The book is divided into three parts. The first, “Ritual Histories,” presents a roughly chronological account of the Order’s origins and its first few centuries. In chapter one, Trigg establishes the three concepts that will be crucial to the rest of her analysis: “ritual criticism,” the ongoing and often fraught conversation about the Order’s origins and practices; “mythic capital,” whereby the medieval period’s aura of mystery and romance continually regenerates the Order’s cultural status; and “medievalism,” the reimagining of the Middle Ages. Here, Trigg introduces the myth of the Order’s foundation, the enigmatic motto Honi soit qui mal y pense (“Shamed be he who thinks evil of it”), and the way both the myth and the motto entwine the concepts of honor and shame. The continuous history of the Order, Trigg suggests, is deceptive, since cultural senses of the honorable and the shameful are always in flux; however, the contentious discourse about the Order’s origins and ritual practices enhances its mythic capital, and so ensures the ongoing vitality of both the Order and debates surrounding it.

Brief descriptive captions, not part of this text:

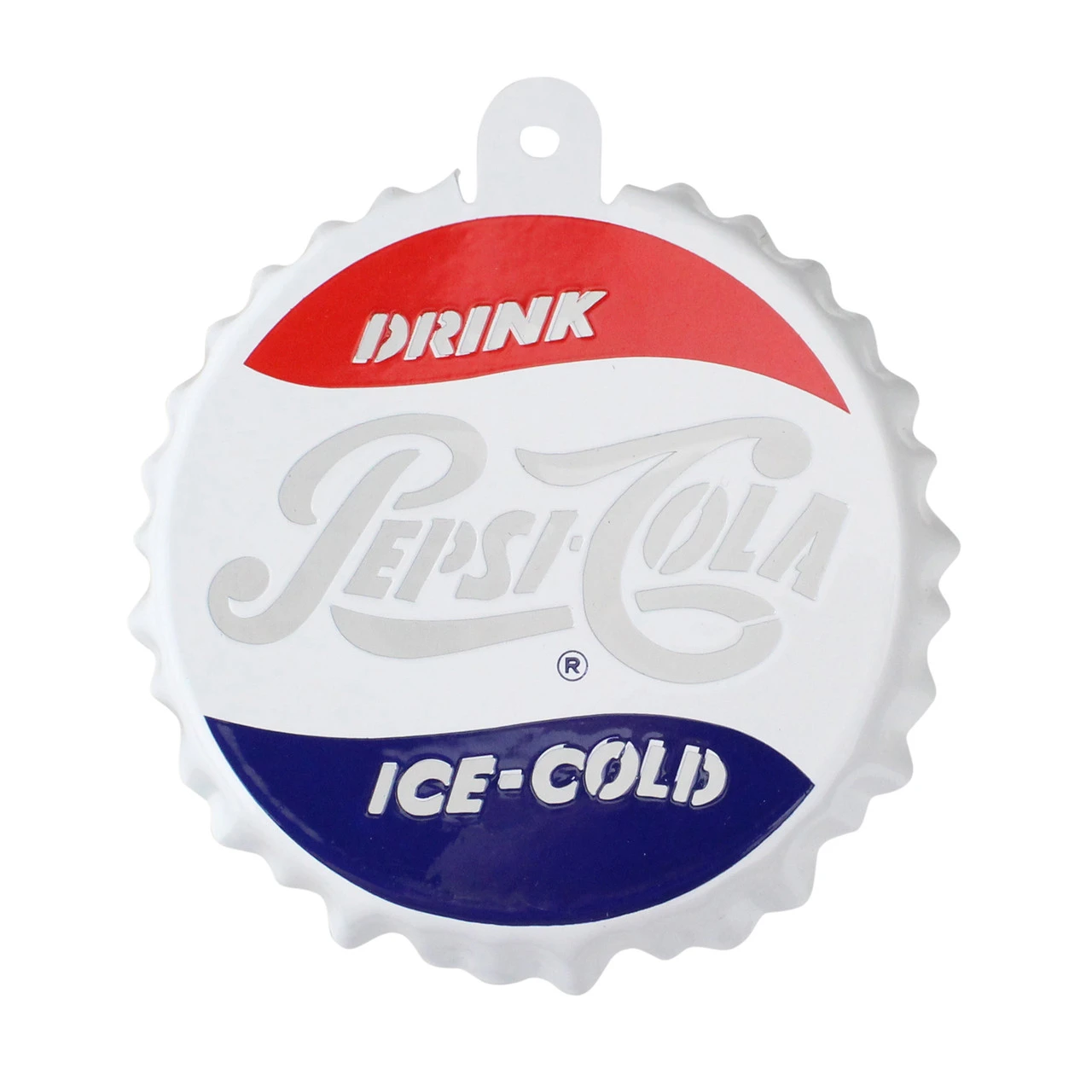 3.25" White And Blue Pepsi-Cola Bottle Cap Logo Cut-Out Christmas Ornament 3 3.25" White And Blue Pepsi-Cola Bottle Cap Logo Cut-Out Christmas Ornament
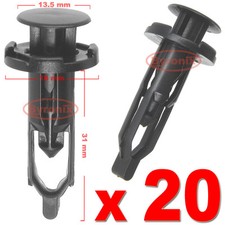 TOYOTA AVENSIS CELICA BUMPER TRIM CLIPS  PUSH RIVET 9mm BLACK PLASTIC X 20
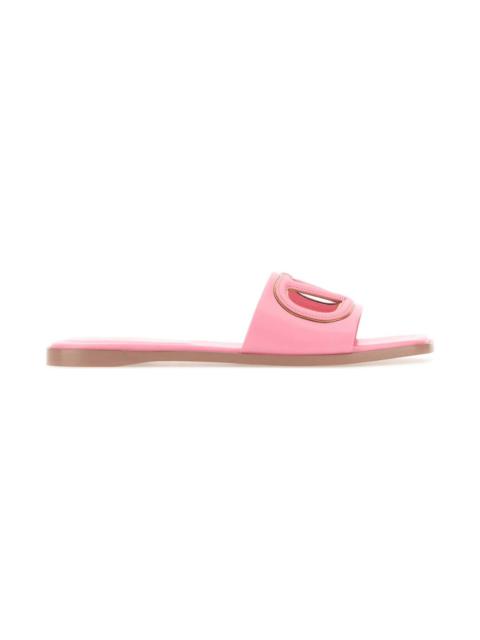 Pink Leather Vlogo Slippers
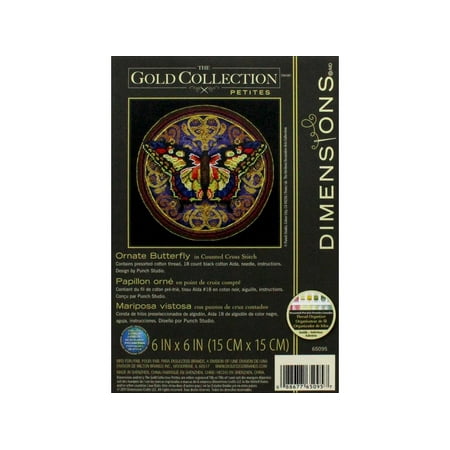 UPC: 0088677650957 | Dimensions Cross Stitch Kit 6×6 Ornate Butterfly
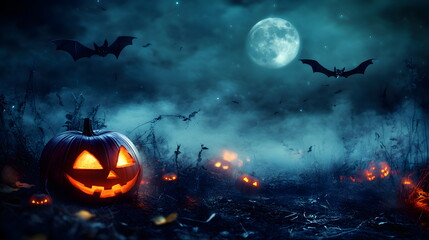 Fototapeta premium Dark Halloween background with glowing pumpkins, bats flying across a night sky, full moon and eerie fog, creating a spooky yet magical cinematic atmosphere perfect for festive seasonal designs.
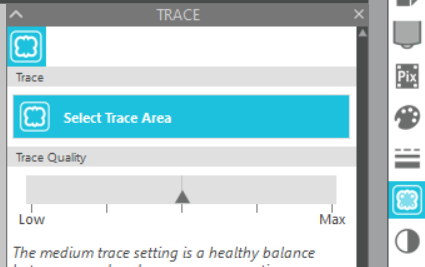 Press select trace area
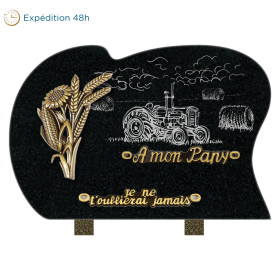 Plaque forme sablée champs agricole 30x20cm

The second chapter rehearses what we know (and what we do not) about the Order’s medieval foundation and its central mythology; Trigg argues that the ambiguity of the motto, which “celebrates its own ambivalence,” and of the founding story contributes to the Order’s mythic capital by “seem[ing] to confer a kind of authority […] on those cunning or bold enough to decode” the occluded medieval “knowledge” (71, 68). Her case is bolstered by short readings of several early texts that reference the Order and explore the intertwining of shame and honor, femininity and masculinity, and sexuality and chivalry: Sir Gawain and the Green Knight, the 1460 romance Tirant Lo Blanc, and Polydor Vergil’s early sixteenth-century Anglica Historia. Trigg demonstrates how the “persistent fascination with” and “equal distrust of” the Order’s sexy origin stories “[generate] rather than [close] down interpretations” (65, 71).

In chapter three, Trigg considers the first few hundred years of historical commentaries on the Garter and how they critique and renegotiate the medieval past, balancing the Order’s mythic capital with the embarrassment engendered by its foundational eroticism (whether romantic and heterosexual or chivalric and homosocial) and by the temporary humiliation of the monarch. She suggests that “the very medievalness” that these histories must confront “plays an important role in the freedom of invention,” proposing that the Renaissance witnessed the “gradual development of a self-consciously modern scholarly method, one that takes active pleasure in sifting and sorting various medieval accounts” (106, 116). Early scholars of the Order and its rituals were both attracted to and made anxious by its medieval heritage, and by “the potential of medieval tradition to confer shame and honor” (123).

Part two, “Ritual Practices,” is less chronological and more thematic in its explorations of the Order’s medieval legacy. Chapter four looks closely at the concept of shame—the flip side of the Order’s capacity to distribute honor—through the ritual expulsion of its members. Such ritual, Trigg argues, reflects “the uneven survival of medieval chivalry in postmedieval culture” (128). The chapter incorporates both historical examples of the dismissal of disgraced knights, in which period-specific politics merge with medieval ritual practice through “stripping the knight of his chivalric accouterments,” and brief literary examples drawn from Sir Gawain, Malory’s Morte D’Arthur, and (with some reductiveness) Shakespeare’s I Henry IV (136). It also explores the potential shamefulness of too much ritual pomp, in which the honor of the Garter risks becoming ludicrous, and again addresses the relationship between shame and sex through unruly popular songs that mock “attempts to regulate the distribution of shame and honor” (165).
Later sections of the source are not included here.